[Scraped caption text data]
------------------------------------------------------------------------

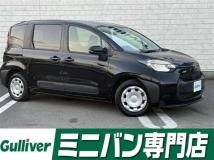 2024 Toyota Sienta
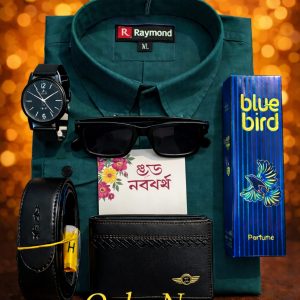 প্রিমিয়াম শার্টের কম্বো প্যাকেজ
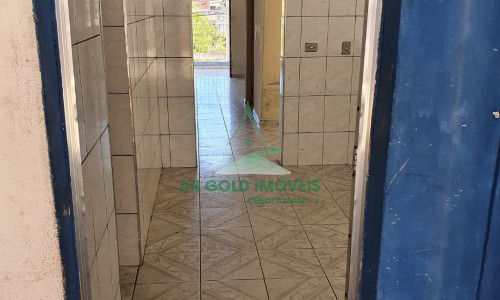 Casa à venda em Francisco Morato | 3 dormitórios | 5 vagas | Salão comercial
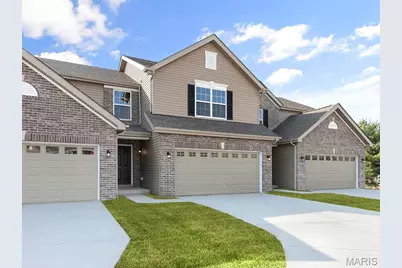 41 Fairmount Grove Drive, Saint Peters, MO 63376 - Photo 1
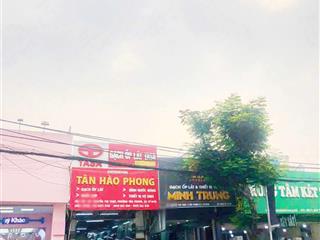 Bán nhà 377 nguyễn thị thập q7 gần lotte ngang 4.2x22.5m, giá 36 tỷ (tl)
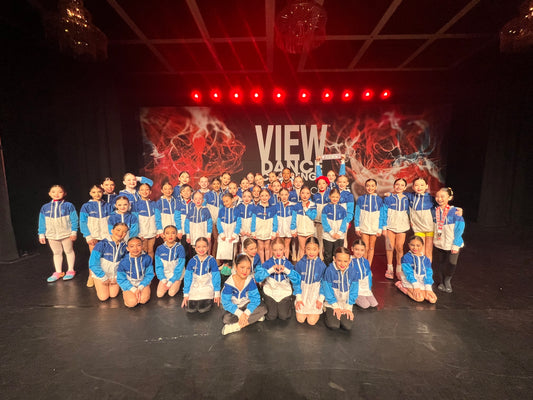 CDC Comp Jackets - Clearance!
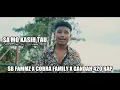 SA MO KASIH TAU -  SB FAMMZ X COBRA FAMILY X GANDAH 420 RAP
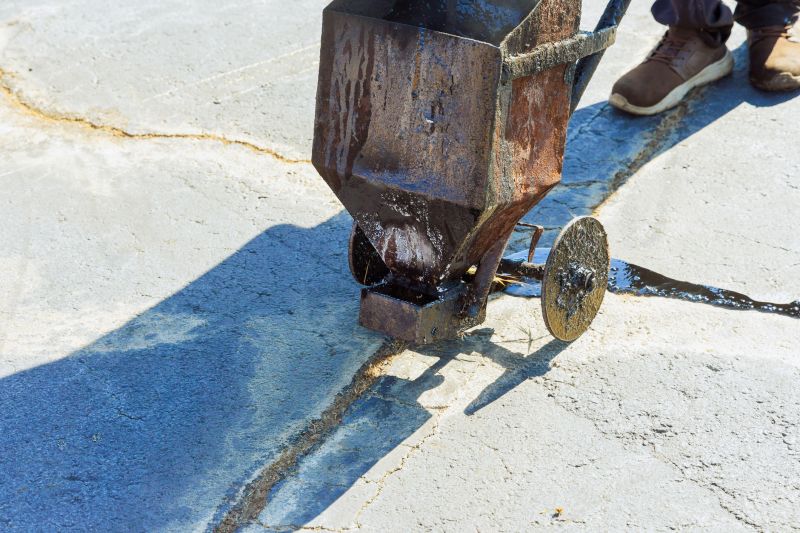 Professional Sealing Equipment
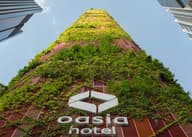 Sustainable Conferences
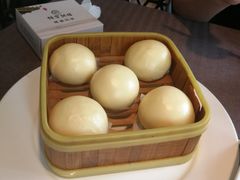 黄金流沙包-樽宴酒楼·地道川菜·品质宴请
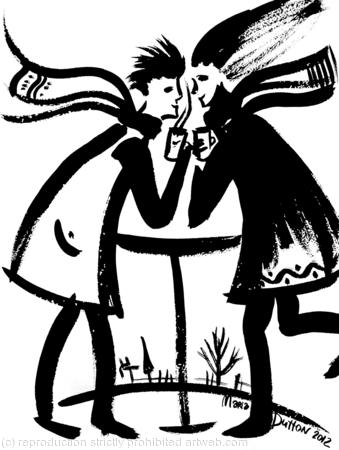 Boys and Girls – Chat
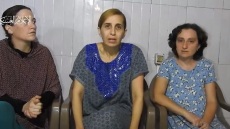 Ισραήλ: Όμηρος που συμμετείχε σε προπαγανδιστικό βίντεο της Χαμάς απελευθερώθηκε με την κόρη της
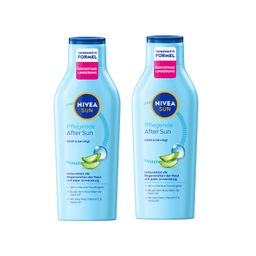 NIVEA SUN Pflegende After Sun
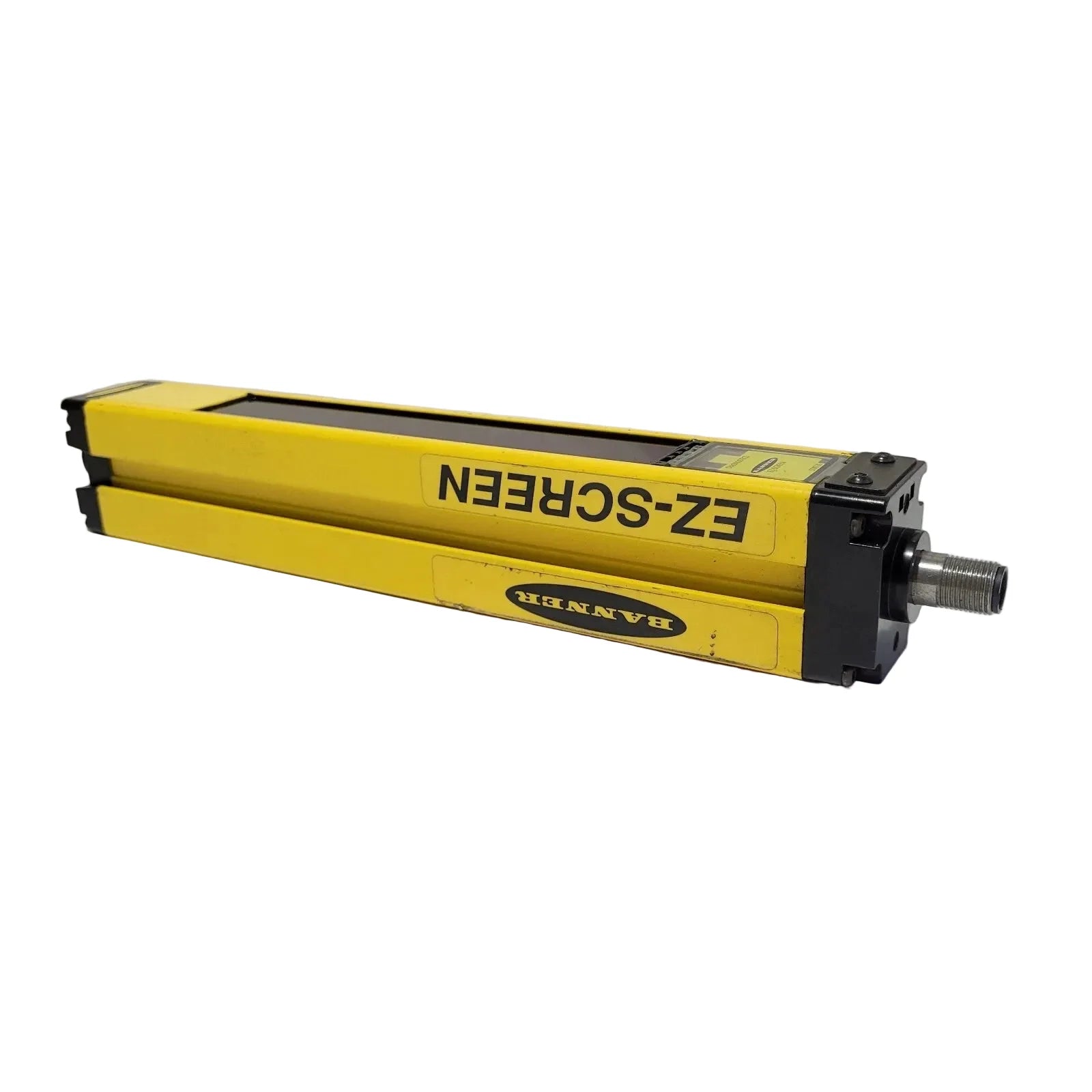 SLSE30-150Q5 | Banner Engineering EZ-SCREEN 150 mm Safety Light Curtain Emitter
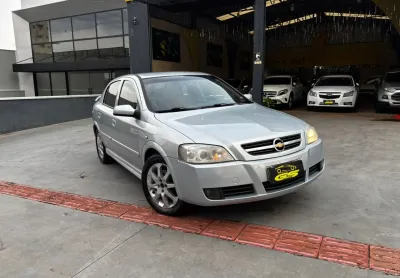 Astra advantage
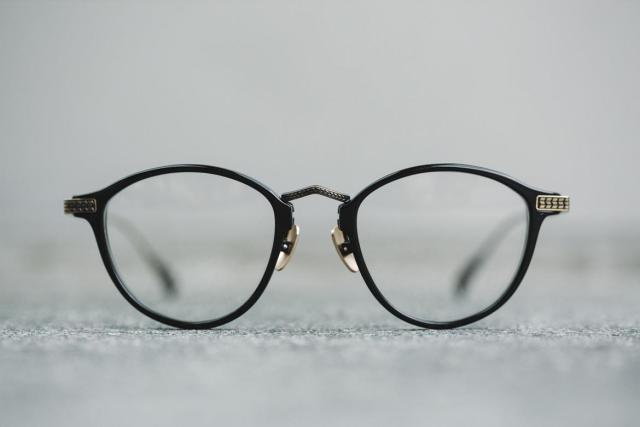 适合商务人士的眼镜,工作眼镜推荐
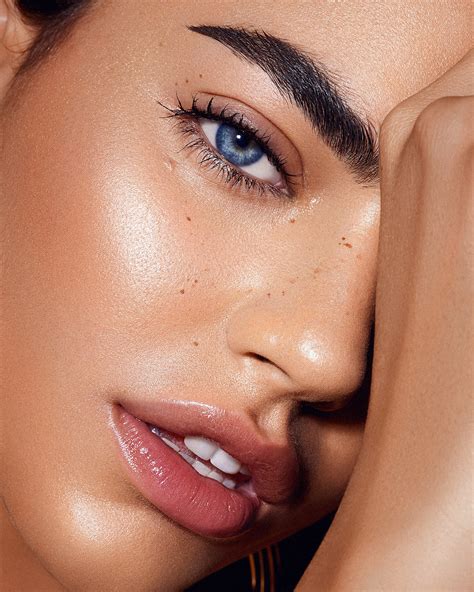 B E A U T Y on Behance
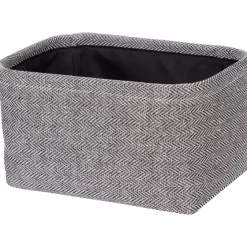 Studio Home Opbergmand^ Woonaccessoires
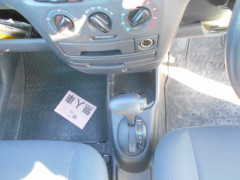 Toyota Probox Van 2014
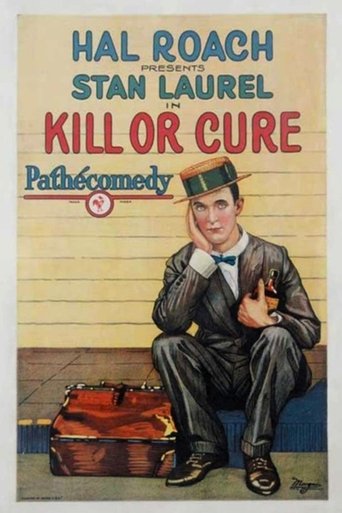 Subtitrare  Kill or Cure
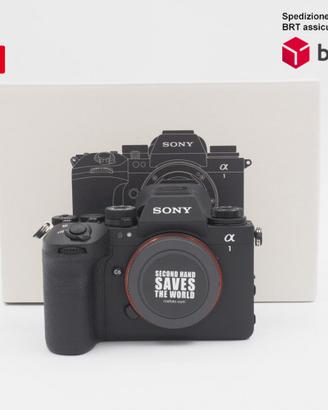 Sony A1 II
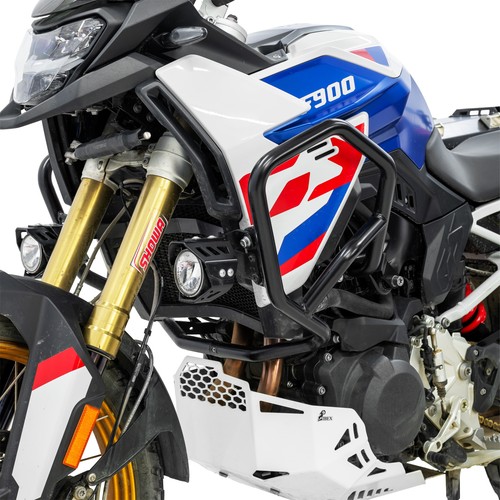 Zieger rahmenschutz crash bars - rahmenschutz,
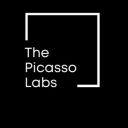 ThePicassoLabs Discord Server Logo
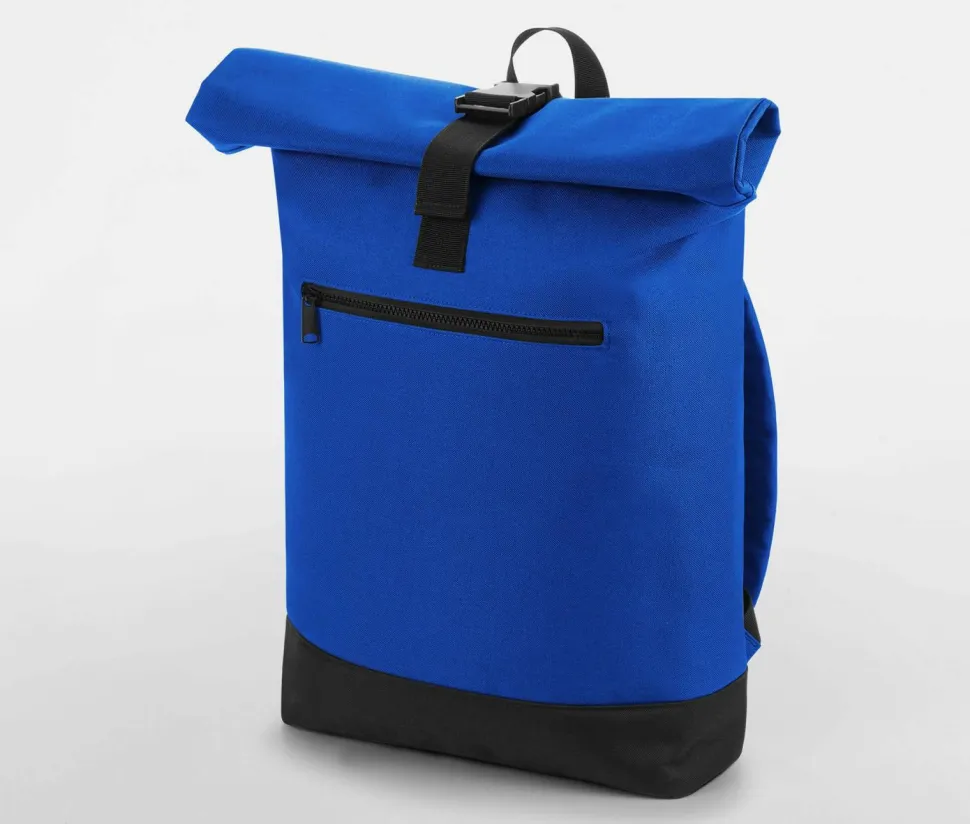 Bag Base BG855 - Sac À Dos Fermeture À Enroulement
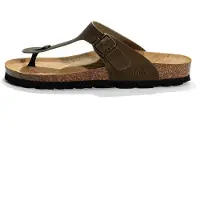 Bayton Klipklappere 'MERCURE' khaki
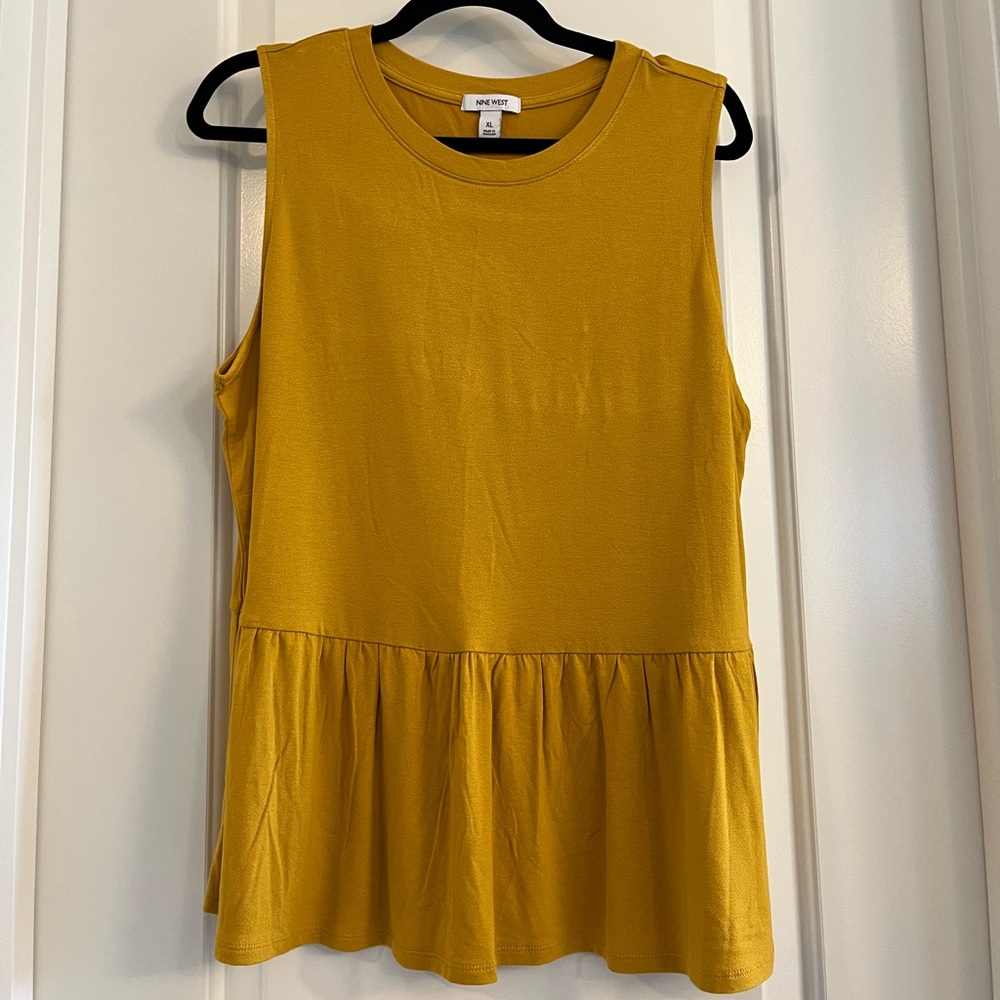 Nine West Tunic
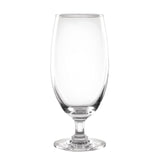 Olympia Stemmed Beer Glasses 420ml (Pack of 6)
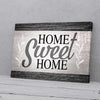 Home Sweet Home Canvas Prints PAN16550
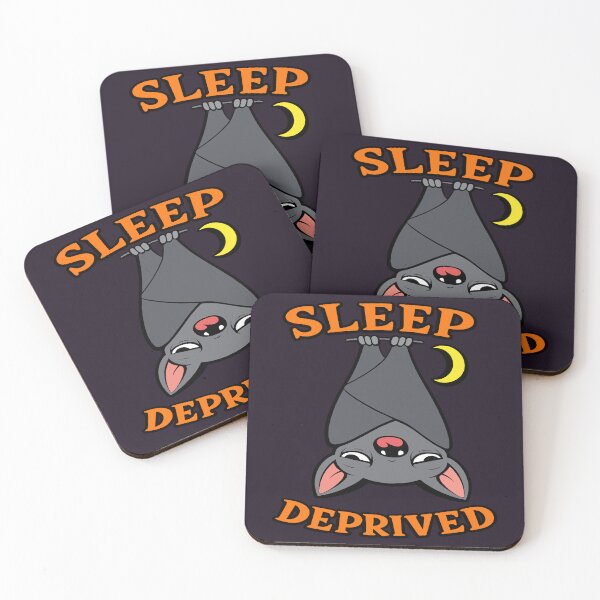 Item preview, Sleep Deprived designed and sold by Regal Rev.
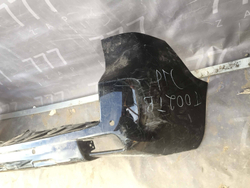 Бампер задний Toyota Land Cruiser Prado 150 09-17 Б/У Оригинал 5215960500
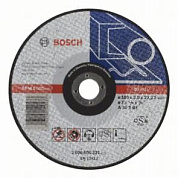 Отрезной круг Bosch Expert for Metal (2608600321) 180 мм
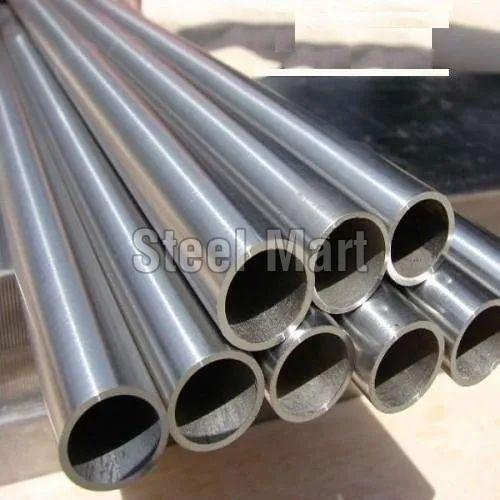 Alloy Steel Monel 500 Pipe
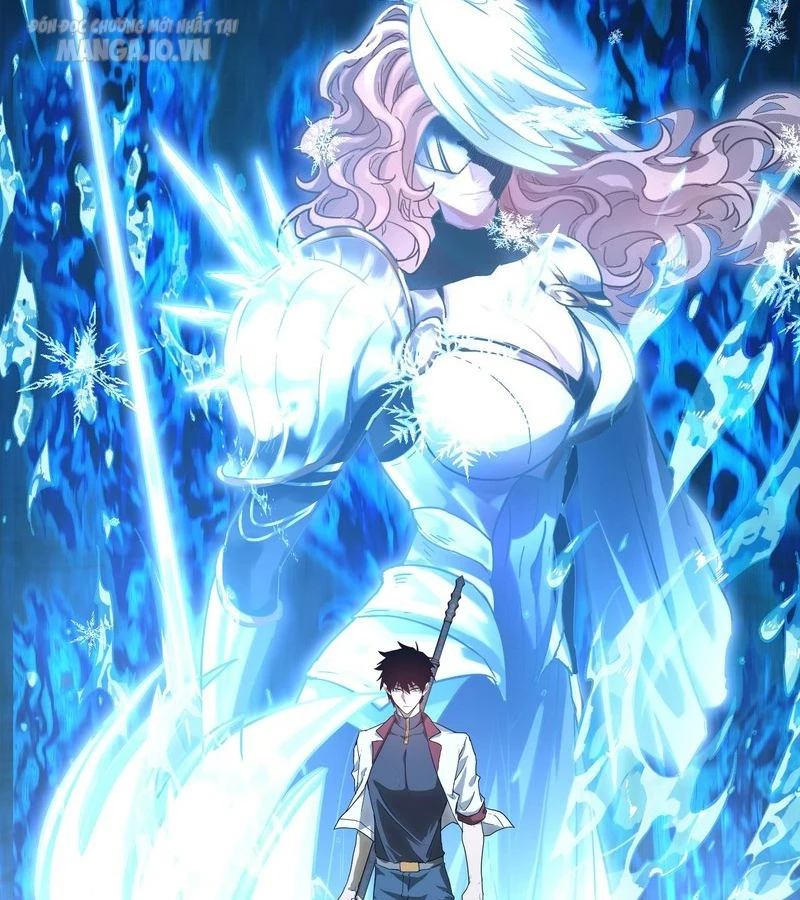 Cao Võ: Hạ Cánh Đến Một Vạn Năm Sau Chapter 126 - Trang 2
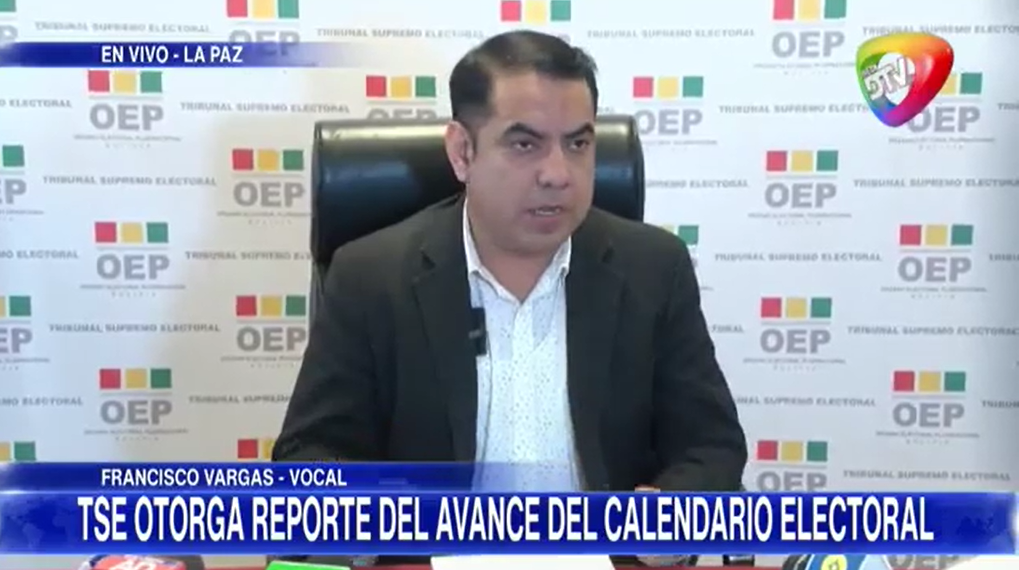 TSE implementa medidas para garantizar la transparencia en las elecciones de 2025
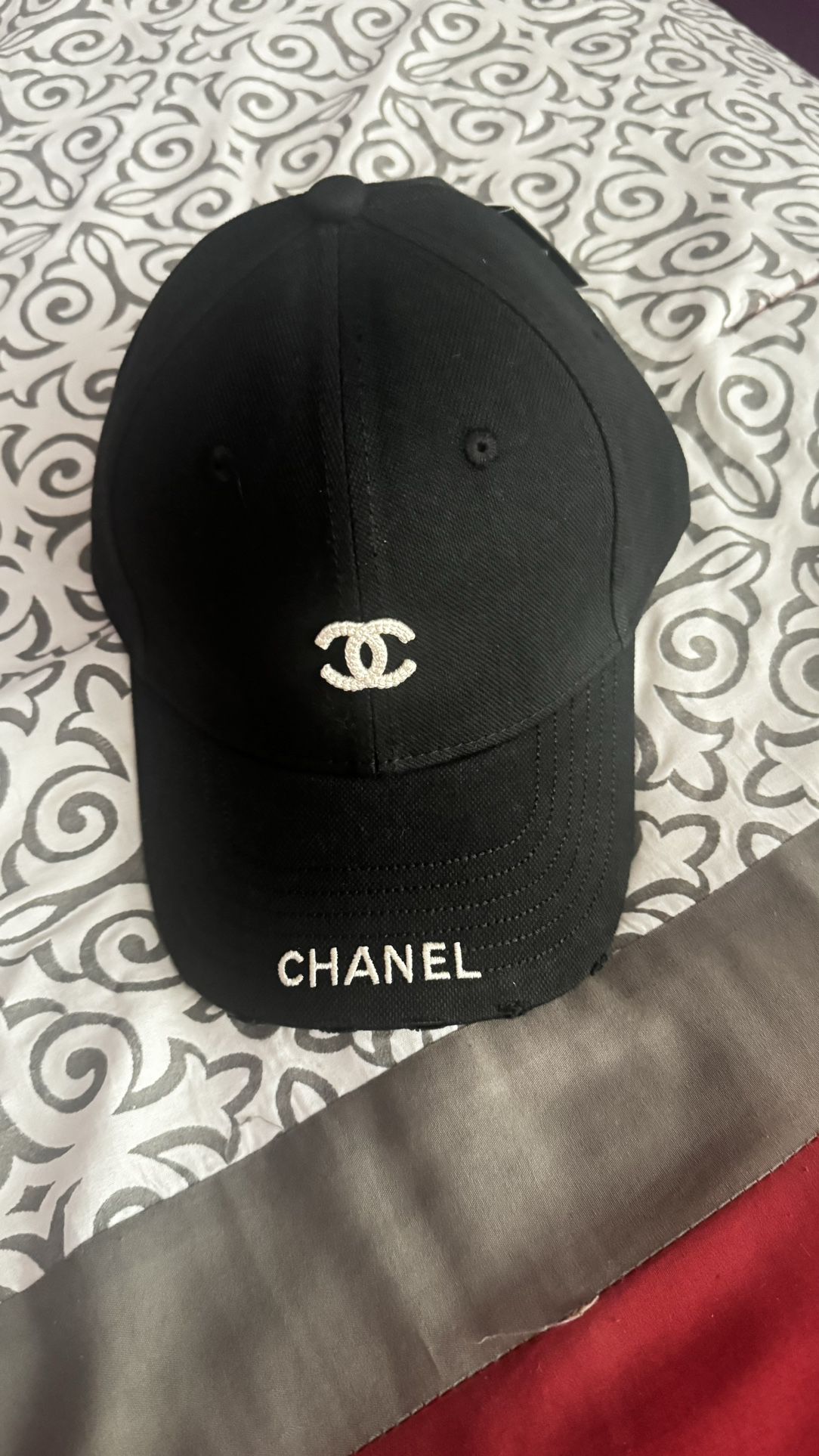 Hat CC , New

------------------------------------------------------------------------

Repeat each line of the records exactly, dropping the pictures.

 2024 Toyota Sienta
 প্রিমিয়াম শার্টের কম্বো প্যাকেজ
 Casa à venda em Francisco Morato | 3 dormitórios | 5 vagas | Salão comercial
 41 Fairmount Grove Drive, Saint Peters, MO 63376 - Photo 1
 Bán nhà 377 nguyễn thị thập q7 gần lotte ngang 4.2x22.5m, giá 36 tỷ (tl)
 CDC Comp Jackets - Clearance!
 SA MO KASIH TAU -  SB FAMMZ X COBRA FAMILY X GANDAH 420 RAP
 Professional Sealing Equipment
 Sustainable Conferences
 黄金流沙包-樽宴酒楼·地道川菜·品质宴请
 Boys and Girls – Chat
 Ισραήλ: Όμηρος που συμμετείχε σε προπαγανδιστικό βίντεο της Χαμάς απελευθερώθηκε με την κόρη της
 NIVEA SUN Pflegende After Sun
 SLSE30-150Q5 | Banner Engineering EZ-SCREEN 150 mm Safety Light Curtain Emitter
 Astra advantage
 适合商务人士的眼镜,工作眼镜推荐
 B E A U T Y on Behance
 Studio Home Opbergmand^ Woonaccessoires
 Toyota Probox Van 2014
 Subtitrare  Kill or Cure
 Sony A1 II
 Zieger rahmenschutz crash bars - rahmenschutz,
 ThePicassoLabs Discord Server Logo
 Bag Base BG855 - Sac À Dos Fermeture À Enroulement
 Bayton Klipklappere 'MERCURE' khaki
 Nine West Tunic
 Olympia Stemmed Beer Glasses 420ml (Pack of 6)
 Home Sweet Home Canvas Prints PAN16550
 Item preview, Sleep Deprived designed and sold by Regal Rev.
 Бампер задний Toyota Land Cruiser Prado 150 09-17 Б/У Оригинал 5215960500
 Отрезной круг Bosch Expert for Metal (2608600321) 180 мм
 Alloy Steel Monel 500 Pipe
 Cao Võ: Hạ Cánh Đến Một Vạn Năm Sau Chapter 126 - Trang 2
 TSE implementa medidas para garantizar la transparencia en las elecciones de 2025
 Hat CC , New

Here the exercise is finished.